### What you are asked to do
The line with "Die Schmiedbrücke führt" through the last line of the entries: give these again exactly, and only these, without any pictures.

(Caption-style text data)
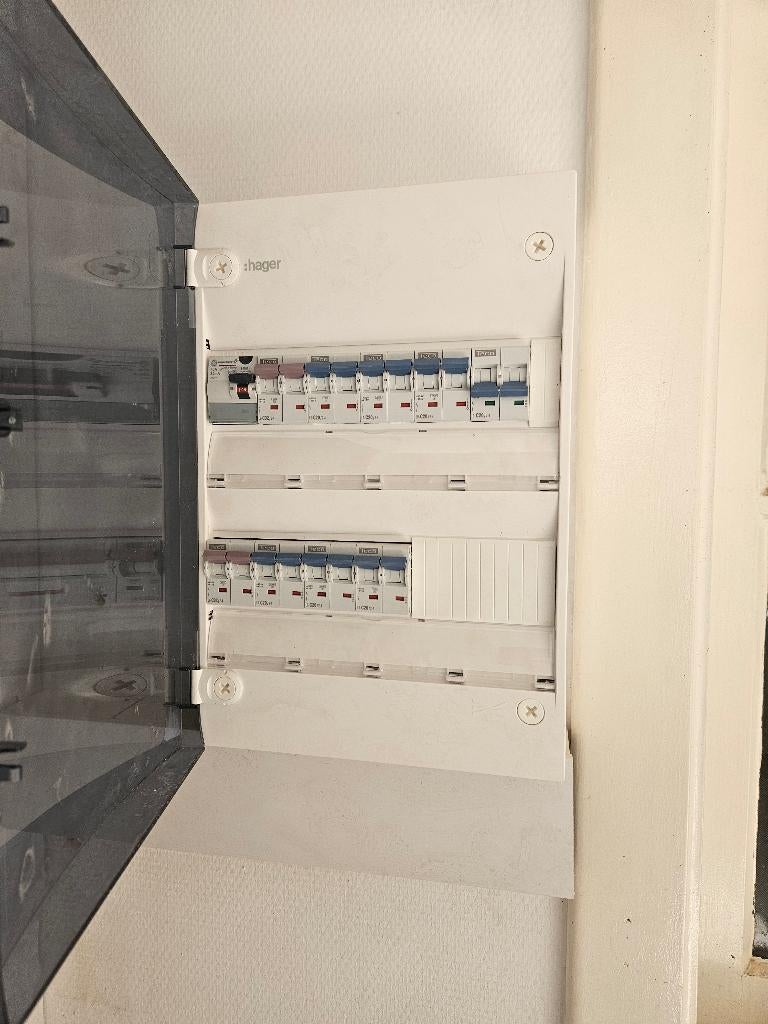 Électricien, Service 24h/24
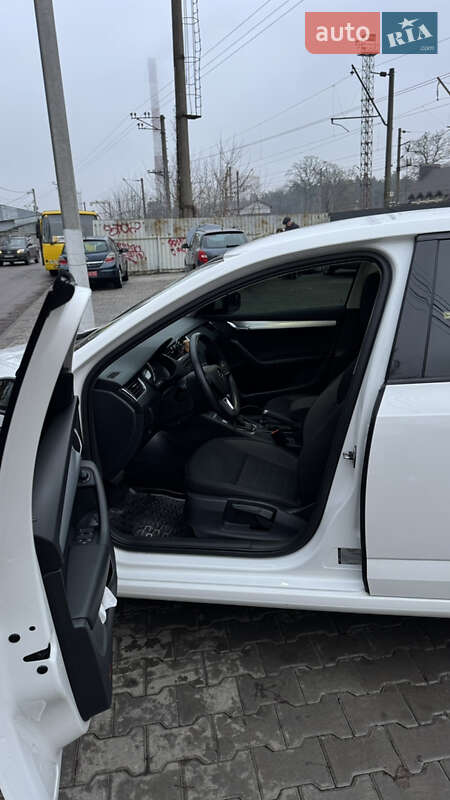 Универсал Skoda Octavia 2019 в Киеве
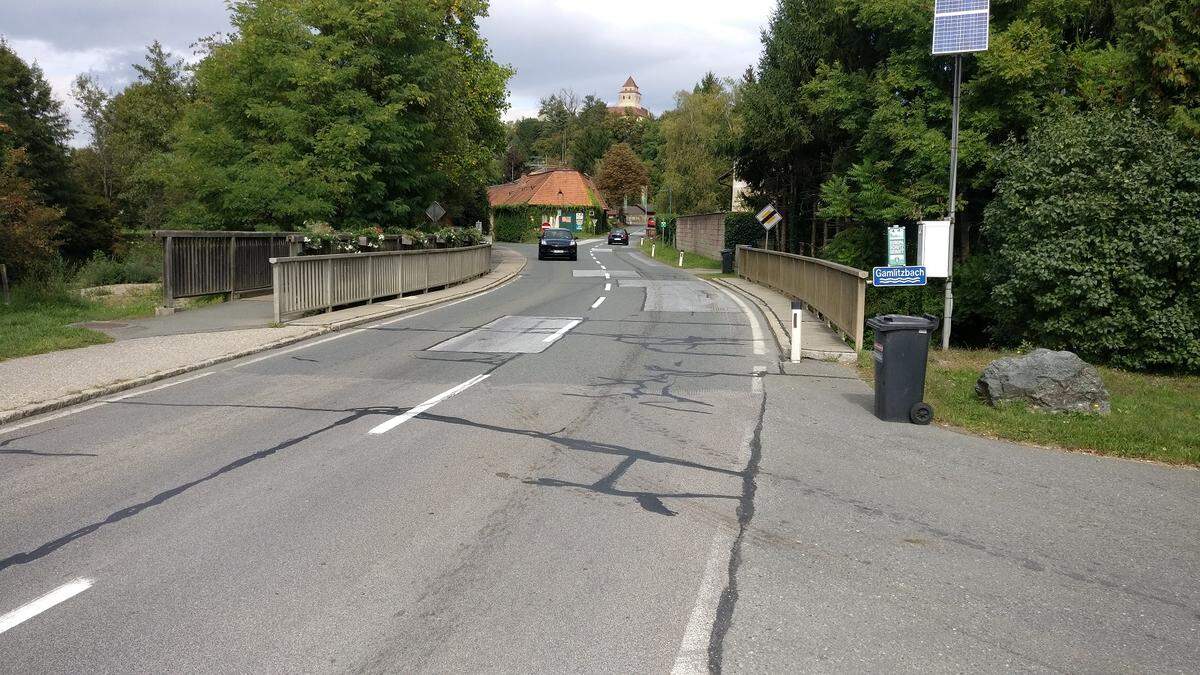 Die Schmiedbrücke führt Fußgänger wie Autofahrer seit 67 Jahren über den Gamlitzbach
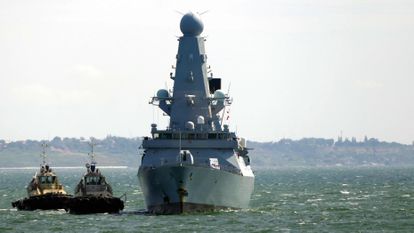 El 'HMS Defender', de la Armada Real británica, llega al puerto de Odessa el pasado 18 de junio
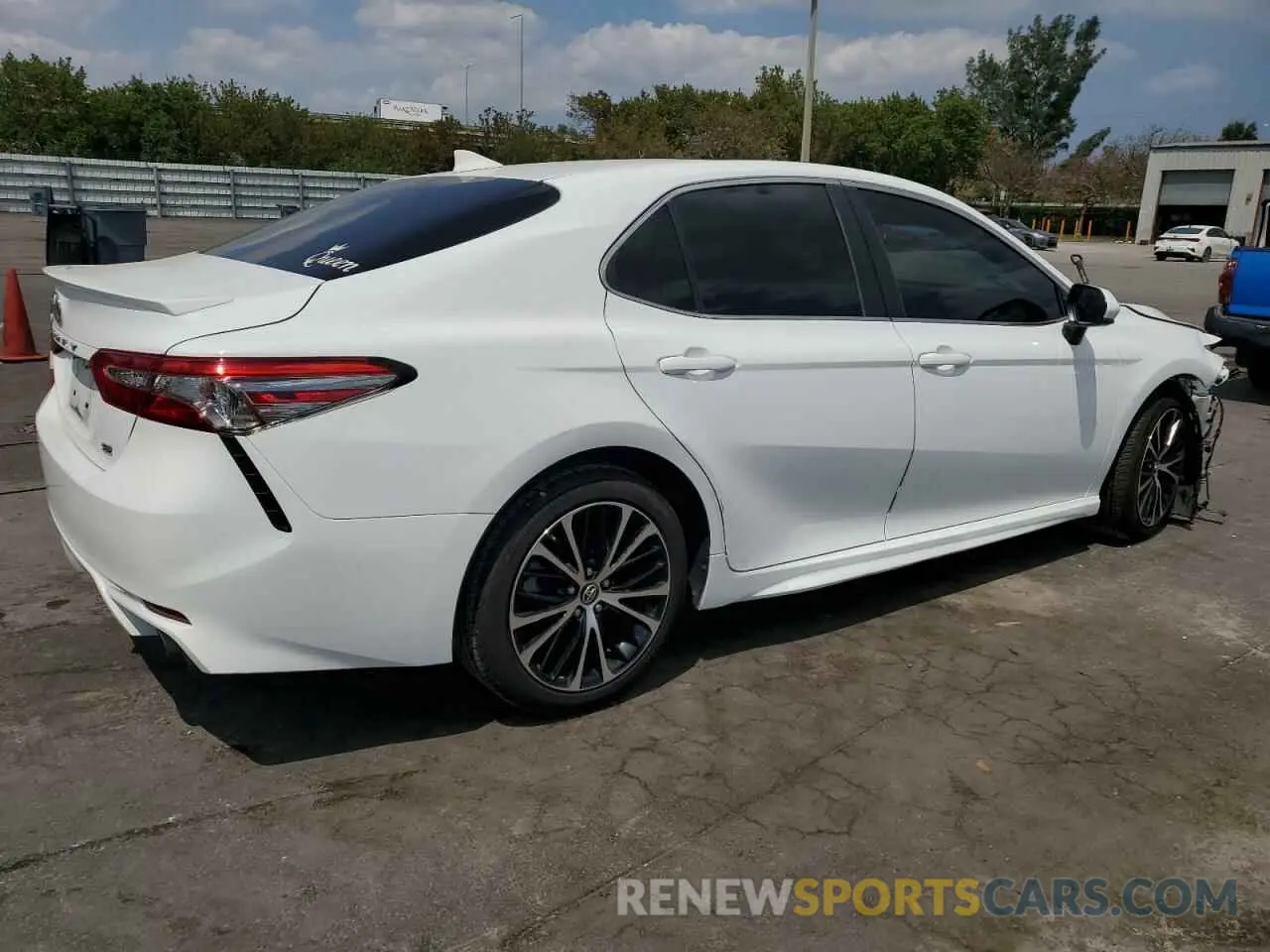 3 Photograph of a damaged car 4T1B11HK5KU799217 TOYOTA CAMRY 2019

### Response
 Die Schmiedbrücke führt Fußgänger wie Autofahrer seit 67 Jahren über den Gamlitzbach
 El 'HMS Defender', de la Armada Real británica, llega al puerto de Odessa el pasado 18 de junio
 3 Photograph of a damaged car 4T1B11HK5KU799217 TOYOTA CAMRY 2019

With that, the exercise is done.